__Activity__. Please repeat every record exactly, leaving out any pictures.

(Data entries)
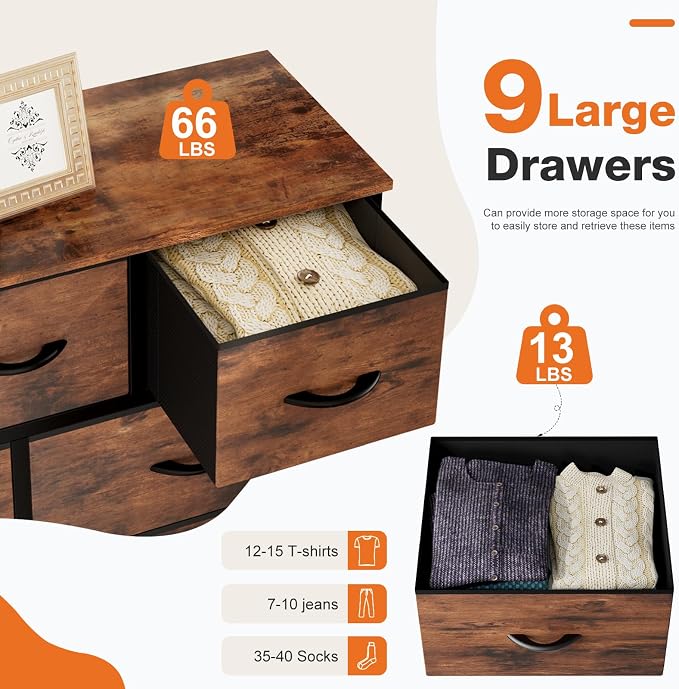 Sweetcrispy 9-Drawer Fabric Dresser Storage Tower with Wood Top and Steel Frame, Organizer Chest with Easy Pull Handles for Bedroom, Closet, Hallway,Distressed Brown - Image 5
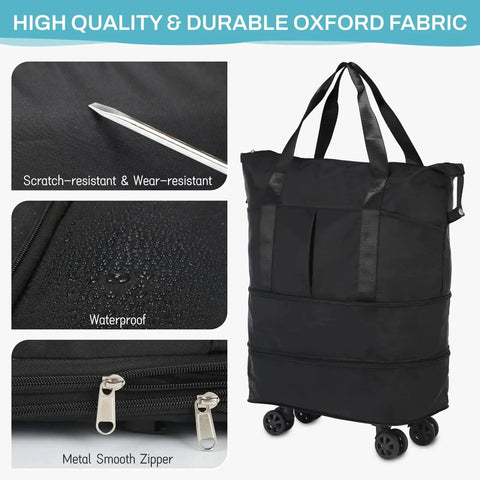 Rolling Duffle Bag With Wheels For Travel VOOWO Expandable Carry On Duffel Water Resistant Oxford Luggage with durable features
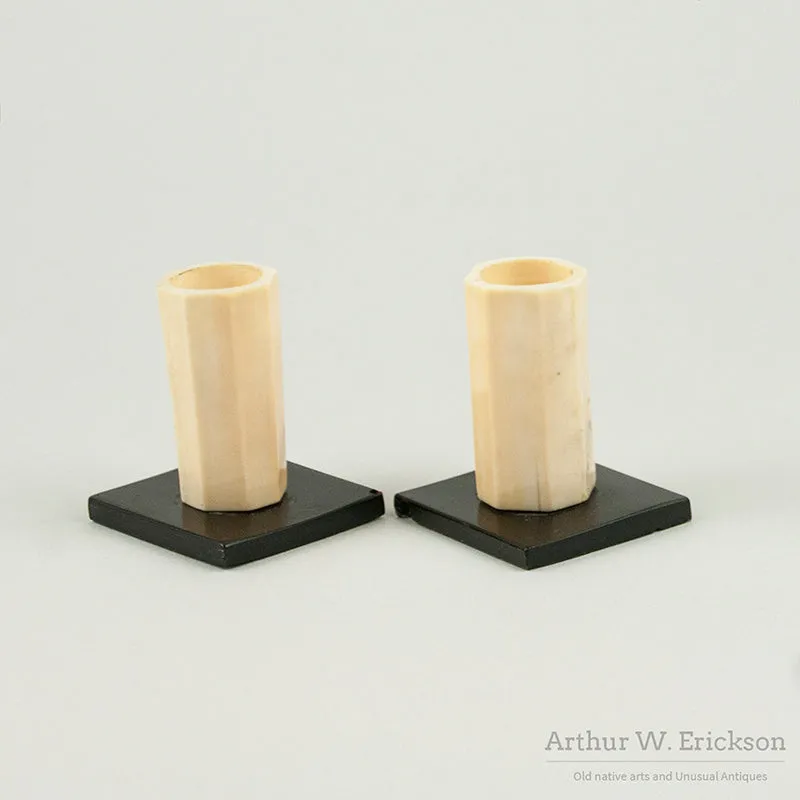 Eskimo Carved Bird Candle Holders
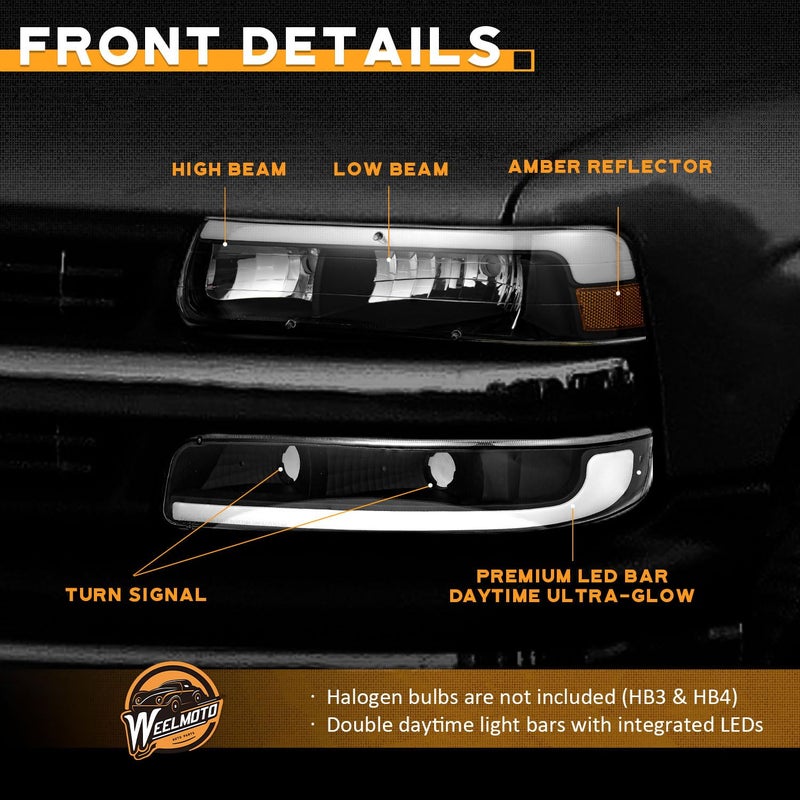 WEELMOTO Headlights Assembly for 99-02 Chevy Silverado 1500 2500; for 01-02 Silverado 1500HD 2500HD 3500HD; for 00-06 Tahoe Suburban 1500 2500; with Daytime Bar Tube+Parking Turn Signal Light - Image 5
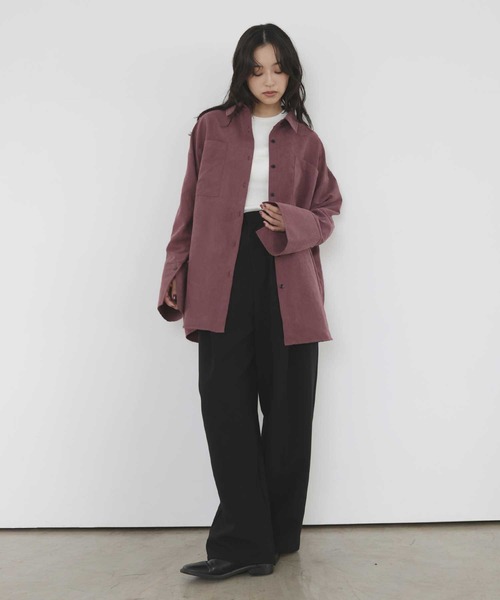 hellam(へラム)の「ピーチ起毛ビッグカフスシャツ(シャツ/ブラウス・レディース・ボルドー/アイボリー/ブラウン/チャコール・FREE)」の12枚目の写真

__Solution__.
 Sweetcrispy 9-Drawer Fabric Dresser Storage Tower with Wood Top and Steel Frame, Organizer Chest with Easy Pull Handles for Bedroom, Closet, Hallway,Distressed Brown - Image 5
 Rolling Duffle Bag With Wheels For Travel VOOWO Expandable Carry On Duffel Water Resistant Oxford Luggage with durable features
 Eskimo Carved Bird Candle Holders
 WEELMOTO Headlights Assembly for 99-02 Chevy Silverado 1500 2500; for 01-02 Silverado 1500HD 2500HD 3500HD; for 00-06 Tahoe Suburban 1500 2500; with Daytime Bar Tube+Parking Turn Signal Light - Image 5
 hellam(へラム)の「ピーチ起毛ビッグカフスシャツ(シャツ/ブラウス・レディース・ボルドー/アイボリー/ブラウン/チャコール・FREE)」の12枚目の写真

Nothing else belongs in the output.